Sit: Amari Cooper, Oakland Raiders
Maybe someday we’ll have a real concrete answer to why the Oakland Raiders don’t use Amari Cooper often, but for now we’re just left to wonder. Against the Rams, Derek Carr threw 40 passes. Only three of them went to Cooper and just one was caught. One of the problems is so often Carr wants to get the ball out as quickly as possible — his 2.46 average time to throw was the fourth-quickest among quarterbacks in Week 1 — which makes it hard to develop anything down the field on the outside. Carr will be quick to dump off passes to the running back (Jalen Richard had 11 targets) and the tight end (more on that in a bit). Against the Broncos, Carr is going to feel the pressure and this offense doesn’t allow the receivers to be his safety net. That’s even before we talk about how Cooper is probably be covered by Chris Harris Jr. for most of the game and if he’s not, it’s Bradley Roby who has worked his way into an impressive cornerback himself. For the most part you’re just going to want to fade the Oakland offense…

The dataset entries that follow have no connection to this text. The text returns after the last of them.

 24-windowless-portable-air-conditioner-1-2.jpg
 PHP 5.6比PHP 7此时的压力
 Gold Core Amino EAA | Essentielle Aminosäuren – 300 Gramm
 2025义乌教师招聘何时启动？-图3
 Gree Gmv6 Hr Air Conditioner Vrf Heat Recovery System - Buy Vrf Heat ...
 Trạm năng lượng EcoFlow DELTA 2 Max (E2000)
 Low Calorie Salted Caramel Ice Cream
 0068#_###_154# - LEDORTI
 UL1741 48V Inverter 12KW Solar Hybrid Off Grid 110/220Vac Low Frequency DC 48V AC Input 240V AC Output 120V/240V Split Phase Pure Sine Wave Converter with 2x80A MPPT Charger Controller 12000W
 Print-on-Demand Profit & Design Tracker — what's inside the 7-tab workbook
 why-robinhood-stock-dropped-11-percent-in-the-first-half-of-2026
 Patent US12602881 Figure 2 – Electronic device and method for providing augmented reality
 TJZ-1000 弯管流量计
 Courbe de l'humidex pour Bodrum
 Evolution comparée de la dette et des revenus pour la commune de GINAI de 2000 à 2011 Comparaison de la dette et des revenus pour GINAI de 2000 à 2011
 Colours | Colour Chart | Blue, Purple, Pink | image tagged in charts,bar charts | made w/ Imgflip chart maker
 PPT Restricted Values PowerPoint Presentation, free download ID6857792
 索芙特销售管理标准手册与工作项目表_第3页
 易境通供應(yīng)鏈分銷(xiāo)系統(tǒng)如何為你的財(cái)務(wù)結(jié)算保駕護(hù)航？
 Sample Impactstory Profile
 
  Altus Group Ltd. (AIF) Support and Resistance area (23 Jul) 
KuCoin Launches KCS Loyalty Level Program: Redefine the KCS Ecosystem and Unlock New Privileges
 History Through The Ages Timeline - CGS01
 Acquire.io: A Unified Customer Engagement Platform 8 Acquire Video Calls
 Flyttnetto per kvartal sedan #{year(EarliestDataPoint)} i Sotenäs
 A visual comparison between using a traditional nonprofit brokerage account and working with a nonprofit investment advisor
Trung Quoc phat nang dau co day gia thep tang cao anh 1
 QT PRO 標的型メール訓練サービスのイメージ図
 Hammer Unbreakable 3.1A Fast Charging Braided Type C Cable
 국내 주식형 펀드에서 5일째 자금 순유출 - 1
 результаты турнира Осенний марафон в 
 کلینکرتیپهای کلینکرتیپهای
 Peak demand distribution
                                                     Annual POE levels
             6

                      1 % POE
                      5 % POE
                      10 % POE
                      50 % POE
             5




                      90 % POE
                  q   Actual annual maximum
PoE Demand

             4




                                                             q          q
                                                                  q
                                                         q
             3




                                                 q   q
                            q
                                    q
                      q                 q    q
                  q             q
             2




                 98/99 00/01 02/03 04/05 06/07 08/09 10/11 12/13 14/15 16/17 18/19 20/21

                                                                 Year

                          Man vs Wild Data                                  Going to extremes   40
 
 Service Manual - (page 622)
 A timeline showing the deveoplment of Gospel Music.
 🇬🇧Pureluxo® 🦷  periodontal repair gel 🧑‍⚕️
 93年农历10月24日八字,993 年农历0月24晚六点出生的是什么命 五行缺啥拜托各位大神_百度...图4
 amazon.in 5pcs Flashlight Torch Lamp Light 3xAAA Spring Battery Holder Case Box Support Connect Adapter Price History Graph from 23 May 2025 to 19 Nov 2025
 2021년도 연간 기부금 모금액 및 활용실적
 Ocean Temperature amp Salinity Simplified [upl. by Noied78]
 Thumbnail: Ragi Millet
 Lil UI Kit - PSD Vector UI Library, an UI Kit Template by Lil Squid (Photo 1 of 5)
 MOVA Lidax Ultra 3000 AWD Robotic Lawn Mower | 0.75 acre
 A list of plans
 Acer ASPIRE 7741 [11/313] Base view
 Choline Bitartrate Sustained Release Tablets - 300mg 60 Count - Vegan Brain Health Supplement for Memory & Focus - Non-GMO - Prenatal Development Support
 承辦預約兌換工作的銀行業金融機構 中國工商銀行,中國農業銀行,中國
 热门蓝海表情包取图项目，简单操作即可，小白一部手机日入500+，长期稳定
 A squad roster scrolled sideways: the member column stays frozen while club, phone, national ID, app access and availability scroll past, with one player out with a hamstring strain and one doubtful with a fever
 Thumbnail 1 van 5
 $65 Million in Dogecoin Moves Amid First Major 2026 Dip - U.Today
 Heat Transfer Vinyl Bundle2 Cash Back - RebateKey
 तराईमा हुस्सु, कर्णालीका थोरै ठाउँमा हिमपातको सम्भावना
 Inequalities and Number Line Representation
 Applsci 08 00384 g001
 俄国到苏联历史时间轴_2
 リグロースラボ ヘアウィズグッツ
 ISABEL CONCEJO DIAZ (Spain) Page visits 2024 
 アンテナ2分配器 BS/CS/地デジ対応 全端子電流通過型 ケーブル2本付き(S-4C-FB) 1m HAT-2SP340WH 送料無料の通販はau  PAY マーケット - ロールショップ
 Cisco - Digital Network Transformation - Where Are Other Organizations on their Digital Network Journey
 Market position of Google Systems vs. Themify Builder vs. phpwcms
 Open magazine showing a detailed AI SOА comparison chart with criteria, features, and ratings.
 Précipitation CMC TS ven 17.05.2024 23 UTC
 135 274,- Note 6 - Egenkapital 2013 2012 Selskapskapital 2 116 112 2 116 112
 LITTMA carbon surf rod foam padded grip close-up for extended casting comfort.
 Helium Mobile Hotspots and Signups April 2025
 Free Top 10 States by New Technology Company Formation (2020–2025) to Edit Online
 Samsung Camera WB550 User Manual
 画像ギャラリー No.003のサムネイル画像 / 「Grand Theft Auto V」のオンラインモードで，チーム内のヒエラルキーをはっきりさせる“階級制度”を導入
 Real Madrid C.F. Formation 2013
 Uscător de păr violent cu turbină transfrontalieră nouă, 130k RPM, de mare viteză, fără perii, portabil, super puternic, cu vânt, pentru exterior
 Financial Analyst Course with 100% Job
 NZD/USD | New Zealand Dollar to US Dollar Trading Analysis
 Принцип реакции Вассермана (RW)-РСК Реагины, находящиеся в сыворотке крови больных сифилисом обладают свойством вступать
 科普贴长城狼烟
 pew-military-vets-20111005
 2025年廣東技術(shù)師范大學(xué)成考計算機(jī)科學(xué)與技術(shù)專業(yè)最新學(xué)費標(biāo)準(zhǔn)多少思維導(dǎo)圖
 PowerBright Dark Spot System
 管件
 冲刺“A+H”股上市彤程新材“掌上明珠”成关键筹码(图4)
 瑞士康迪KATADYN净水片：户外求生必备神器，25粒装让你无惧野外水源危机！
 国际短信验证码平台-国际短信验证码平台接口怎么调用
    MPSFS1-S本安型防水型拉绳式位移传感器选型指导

Start: Jared Cook, Oakland Raiders
…except for Jared Cook. Look, it wasn’t my intention to break down half the Raiders offense here, but here we are. Cook was targeted 12 times on Monday night for nine catches and 180 yards, all of which led the team. When it wasn’t Richard, Cook was Carr’s go-to when trouble arose — or if he felt like trouble might arise. Now Cook is going to be facing a Broncos defense that allowed Will Dissly to go for 105 yards and a touchdown. Denver’s struggles against tight ends aren’t really new, either — they allowed the third most fantasy points per game to tight ends last season.
Ebron came out of his Colts debut with a decent statline — four catches for 51 yards and a touchdown on five targets — but the process to get there isn’t exactly something that’s going to keep him consistent week-to-week in fantasy. First, he only played 45 percent of the Colts’ offensive snaps and he was just fifth on the team in targets. He got the one touchdown, but that’s basically what you’re hoping for if you’re starting him. You’d also hope for the sake of Andrew Luck that the Colts aren’t planning on having him throw 53 times per game, which would cut down on Ebron’s volume.